* Source material *
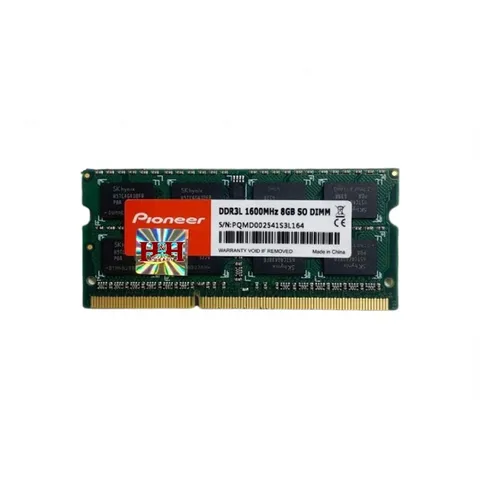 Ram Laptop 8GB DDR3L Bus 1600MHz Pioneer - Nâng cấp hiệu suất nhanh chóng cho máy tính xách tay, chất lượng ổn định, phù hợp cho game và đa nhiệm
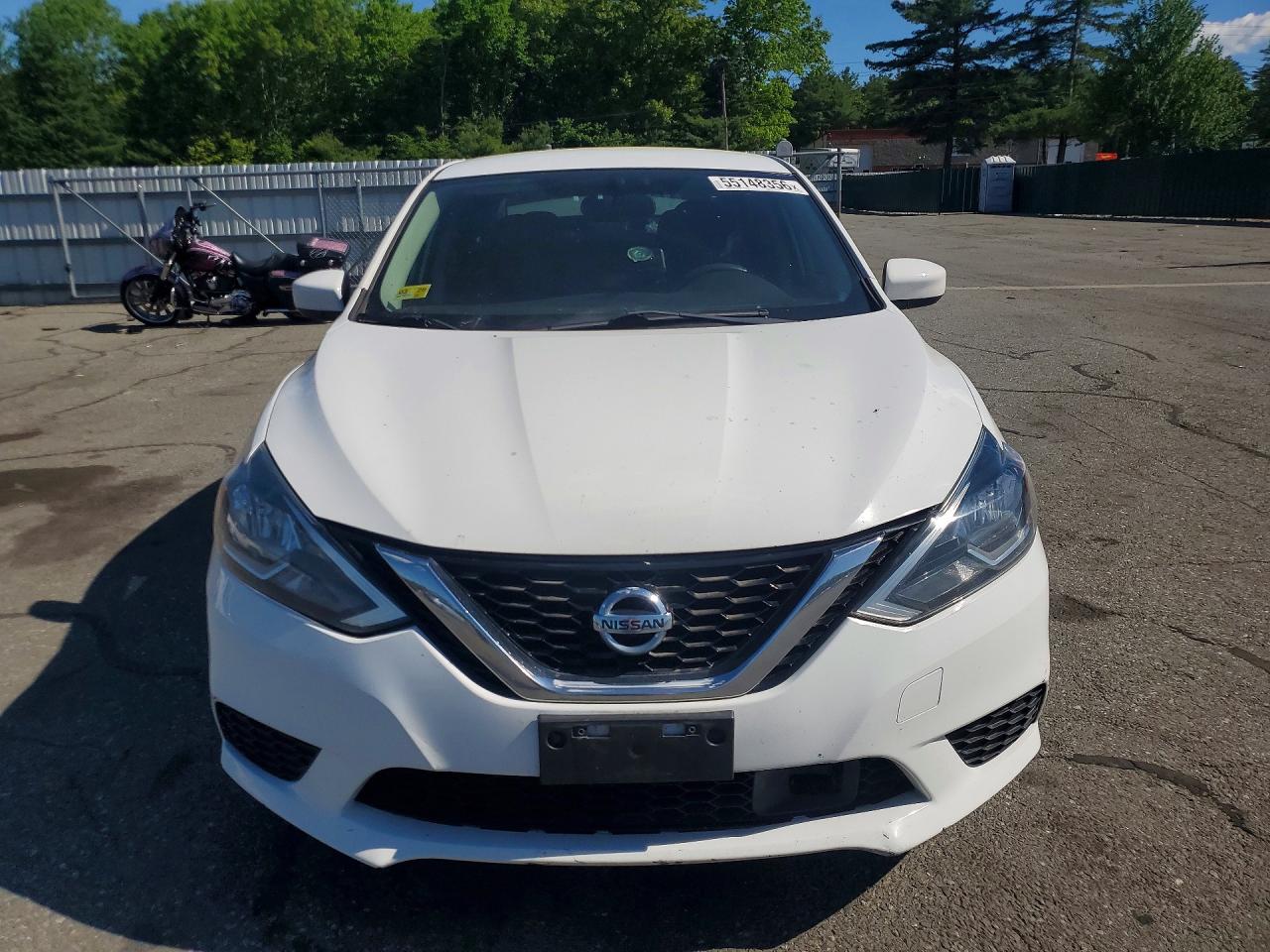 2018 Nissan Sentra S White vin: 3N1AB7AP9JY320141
--
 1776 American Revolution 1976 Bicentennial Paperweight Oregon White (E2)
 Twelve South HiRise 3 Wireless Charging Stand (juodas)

* Aim of the task *
Because only one stretch of the records is wanted, please output the lines from the one holding "Ram Laptop 8GB" through the one holding "2018 Nissan Sentra" exactly, both included, and leave every picture out.

* Answer to this problem *
 Ram Laptop 8GB DDR3L Bus 1600MHz Pioneer - Nâng cấp hiệu suất nhanh chóng cho máy tính xách tay, chất lượng ổn định, phù hợp cho game và đa nhiệm
 2018 Nissan Sentra S White vin: 3N1AB7AP9JY320141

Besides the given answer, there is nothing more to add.